That quiet provocation sits at the heart of Senegalese artist Caroline Gueye’s latest work, Wurus, set to debut at the 61st Venice Biennale.

At first glance, the installation draws on gold’s long and complicated story—its celestial origins, its role in trade, its entanglement with power. But Gueye resists the obvious. Gold is not the destination here; it is the doorway.

Through polymer, bronze, and brass forms, she builds a layered experience that moves from science to sensation, asking visitors to reconsider how value is constructed in the first place.

Curated by Massamba Mbaye, Wurus unfolds as a physical journey. Works appear through narrow openings or sit embedded within the architecture, forcing the viewer to shift position, to look again, to question what is seen and what is assumed.

It’s an approach that feels strikingly relevant to West African histories, where gold has long been both a source of wealth and a site of extraction, negotiation, and loss.

For Ghanaian audiences, the resonance is immediate.

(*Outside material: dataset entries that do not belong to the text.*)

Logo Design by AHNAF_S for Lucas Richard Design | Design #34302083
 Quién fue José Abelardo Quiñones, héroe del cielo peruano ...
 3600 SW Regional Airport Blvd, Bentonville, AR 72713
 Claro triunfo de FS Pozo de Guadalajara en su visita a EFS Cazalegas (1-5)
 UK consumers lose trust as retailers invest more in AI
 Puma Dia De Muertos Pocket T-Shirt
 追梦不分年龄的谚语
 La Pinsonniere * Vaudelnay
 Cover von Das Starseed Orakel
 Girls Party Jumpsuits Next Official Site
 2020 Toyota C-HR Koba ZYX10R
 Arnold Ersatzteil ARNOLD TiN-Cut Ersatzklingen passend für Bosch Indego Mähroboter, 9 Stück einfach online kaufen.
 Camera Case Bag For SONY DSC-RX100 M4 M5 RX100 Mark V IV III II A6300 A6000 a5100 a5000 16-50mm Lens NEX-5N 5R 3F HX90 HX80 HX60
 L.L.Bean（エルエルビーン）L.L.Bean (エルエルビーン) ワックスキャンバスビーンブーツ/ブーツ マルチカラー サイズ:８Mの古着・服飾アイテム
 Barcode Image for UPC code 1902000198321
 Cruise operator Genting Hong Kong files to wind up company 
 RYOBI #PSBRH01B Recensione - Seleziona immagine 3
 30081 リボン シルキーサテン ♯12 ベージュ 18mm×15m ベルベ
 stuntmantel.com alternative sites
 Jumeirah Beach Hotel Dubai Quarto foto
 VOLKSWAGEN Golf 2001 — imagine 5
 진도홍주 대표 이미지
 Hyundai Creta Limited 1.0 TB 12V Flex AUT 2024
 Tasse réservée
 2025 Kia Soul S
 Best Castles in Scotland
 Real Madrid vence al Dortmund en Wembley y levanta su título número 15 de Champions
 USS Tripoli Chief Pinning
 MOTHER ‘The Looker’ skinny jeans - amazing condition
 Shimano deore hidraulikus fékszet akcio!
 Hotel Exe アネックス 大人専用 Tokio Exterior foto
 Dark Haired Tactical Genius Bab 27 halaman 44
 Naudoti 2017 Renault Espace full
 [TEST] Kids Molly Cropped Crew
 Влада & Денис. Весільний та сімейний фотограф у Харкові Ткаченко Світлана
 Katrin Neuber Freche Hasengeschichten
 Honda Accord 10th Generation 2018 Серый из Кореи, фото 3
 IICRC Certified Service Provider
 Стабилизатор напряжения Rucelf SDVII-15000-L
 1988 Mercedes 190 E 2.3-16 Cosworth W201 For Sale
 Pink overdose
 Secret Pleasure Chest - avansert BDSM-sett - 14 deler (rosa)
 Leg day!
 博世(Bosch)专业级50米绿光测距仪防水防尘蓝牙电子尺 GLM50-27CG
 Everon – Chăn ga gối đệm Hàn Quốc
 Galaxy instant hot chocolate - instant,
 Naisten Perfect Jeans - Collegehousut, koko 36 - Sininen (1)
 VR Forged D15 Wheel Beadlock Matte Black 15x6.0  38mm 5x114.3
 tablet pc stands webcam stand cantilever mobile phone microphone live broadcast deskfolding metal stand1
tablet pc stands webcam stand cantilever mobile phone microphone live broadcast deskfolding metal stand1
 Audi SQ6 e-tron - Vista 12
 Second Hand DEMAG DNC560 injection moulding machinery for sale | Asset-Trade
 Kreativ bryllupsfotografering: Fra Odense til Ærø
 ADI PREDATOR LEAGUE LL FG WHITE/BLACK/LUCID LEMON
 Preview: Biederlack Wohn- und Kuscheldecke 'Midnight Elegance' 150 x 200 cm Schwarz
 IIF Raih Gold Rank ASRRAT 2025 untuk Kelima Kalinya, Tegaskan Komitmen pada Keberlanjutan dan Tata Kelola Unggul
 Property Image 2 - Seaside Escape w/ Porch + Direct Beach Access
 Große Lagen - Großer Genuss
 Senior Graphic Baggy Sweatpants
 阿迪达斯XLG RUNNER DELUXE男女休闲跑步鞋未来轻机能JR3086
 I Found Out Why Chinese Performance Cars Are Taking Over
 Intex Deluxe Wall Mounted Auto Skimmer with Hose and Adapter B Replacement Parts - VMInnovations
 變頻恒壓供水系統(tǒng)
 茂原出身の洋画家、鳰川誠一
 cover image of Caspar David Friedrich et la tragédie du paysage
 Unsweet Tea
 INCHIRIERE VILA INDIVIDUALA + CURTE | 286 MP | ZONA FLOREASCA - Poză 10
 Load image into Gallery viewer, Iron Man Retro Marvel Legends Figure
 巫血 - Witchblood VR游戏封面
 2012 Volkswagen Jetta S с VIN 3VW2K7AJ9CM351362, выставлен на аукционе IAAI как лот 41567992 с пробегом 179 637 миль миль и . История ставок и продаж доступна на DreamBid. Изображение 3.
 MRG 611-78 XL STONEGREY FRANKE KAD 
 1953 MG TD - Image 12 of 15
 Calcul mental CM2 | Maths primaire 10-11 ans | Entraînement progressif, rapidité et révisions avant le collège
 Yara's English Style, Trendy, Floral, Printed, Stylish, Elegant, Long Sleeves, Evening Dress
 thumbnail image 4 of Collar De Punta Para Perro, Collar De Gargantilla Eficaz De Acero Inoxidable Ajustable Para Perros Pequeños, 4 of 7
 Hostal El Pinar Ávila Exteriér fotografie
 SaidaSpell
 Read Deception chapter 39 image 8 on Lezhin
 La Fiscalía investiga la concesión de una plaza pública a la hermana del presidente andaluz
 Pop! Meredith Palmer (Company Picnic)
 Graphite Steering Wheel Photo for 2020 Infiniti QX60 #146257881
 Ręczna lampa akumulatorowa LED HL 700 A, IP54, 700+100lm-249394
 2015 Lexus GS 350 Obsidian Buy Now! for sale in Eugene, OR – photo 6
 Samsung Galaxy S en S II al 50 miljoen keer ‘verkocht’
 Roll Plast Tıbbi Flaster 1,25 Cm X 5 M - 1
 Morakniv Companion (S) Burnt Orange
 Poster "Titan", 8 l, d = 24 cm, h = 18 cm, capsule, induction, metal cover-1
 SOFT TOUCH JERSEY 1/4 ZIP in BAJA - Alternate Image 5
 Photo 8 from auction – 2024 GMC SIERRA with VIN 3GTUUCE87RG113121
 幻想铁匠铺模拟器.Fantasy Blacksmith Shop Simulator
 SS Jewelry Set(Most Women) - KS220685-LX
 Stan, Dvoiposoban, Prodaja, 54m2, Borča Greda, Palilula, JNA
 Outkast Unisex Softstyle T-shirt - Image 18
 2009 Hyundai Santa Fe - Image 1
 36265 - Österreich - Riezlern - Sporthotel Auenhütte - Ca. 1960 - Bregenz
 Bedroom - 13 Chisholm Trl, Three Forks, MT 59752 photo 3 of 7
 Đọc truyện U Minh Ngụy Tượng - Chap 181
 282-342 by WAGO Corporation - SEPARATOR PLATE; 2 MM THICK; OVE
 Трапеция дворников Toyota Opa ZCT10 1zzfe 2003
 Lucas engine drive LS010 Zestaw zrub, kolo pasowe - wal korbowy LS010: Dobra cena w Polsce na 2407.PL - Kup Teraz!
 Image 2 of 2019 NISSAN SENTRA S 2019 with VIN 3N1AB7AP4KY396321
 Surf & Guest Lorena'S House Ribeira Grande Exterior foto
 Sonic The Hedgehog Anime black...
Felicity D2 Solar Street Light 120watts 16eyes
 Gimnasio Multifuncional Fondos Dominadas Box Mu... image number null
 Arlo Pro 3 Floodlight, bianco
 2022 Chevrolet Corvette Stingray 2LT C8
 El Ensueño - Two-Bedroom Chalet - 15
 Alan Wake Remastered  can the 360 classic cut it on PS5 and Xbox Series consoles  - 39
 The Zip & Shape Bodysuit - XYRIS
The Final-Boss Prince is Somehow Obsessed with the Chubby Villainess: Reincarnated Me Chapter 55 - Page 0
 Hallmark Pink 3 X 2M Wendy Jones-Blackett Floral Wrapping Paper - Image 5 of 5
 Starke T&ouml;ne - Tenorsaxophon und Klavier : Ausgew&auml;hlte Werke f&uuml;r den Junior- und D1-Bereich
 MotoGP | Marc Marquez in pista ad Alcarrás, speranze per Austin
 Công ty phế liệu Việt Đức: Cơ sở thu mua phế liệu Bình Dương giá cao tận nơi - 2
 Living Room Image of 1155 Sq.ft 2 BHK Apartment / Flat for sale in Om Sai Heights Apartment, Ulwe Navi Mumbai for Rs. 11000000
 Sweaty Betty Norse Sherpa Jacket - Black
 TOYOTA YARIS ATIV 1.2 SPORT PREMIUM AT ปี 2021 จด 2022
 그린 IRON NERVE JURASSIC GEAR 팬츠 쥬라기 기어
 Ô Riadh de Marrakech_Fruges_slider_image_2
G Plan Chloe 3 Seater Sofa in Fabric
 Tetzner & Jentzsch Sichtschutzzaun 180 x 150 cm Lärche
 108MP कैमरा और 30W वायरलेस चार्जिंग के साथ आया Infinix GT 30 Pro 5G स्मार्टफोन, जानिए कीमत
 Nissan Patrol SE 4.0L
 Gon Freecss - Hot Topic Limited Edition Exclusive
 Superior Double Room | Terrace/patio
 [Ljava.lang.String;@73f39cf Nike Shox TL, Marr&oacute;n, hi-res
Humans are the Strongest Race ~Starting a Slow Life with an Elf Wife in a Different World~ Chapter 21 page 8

From the ancient Akan gold trade to contemporary debates around mining and environmental cost, gold carries layered meanings that extend far beyond its market price.

Gueye’s work taps into this shared regional memory, but reframes it—placing emphasis not on ownership, but perception.

Her background in astrophysics quietly shapes the work, not as spectacle but as method. The idea that gold originates from cosmic events reframes it as something universal, even fleeting.

In that sense, Wurus feels less like an exhibition and more like a question: if value is not fixed, who decides what matters?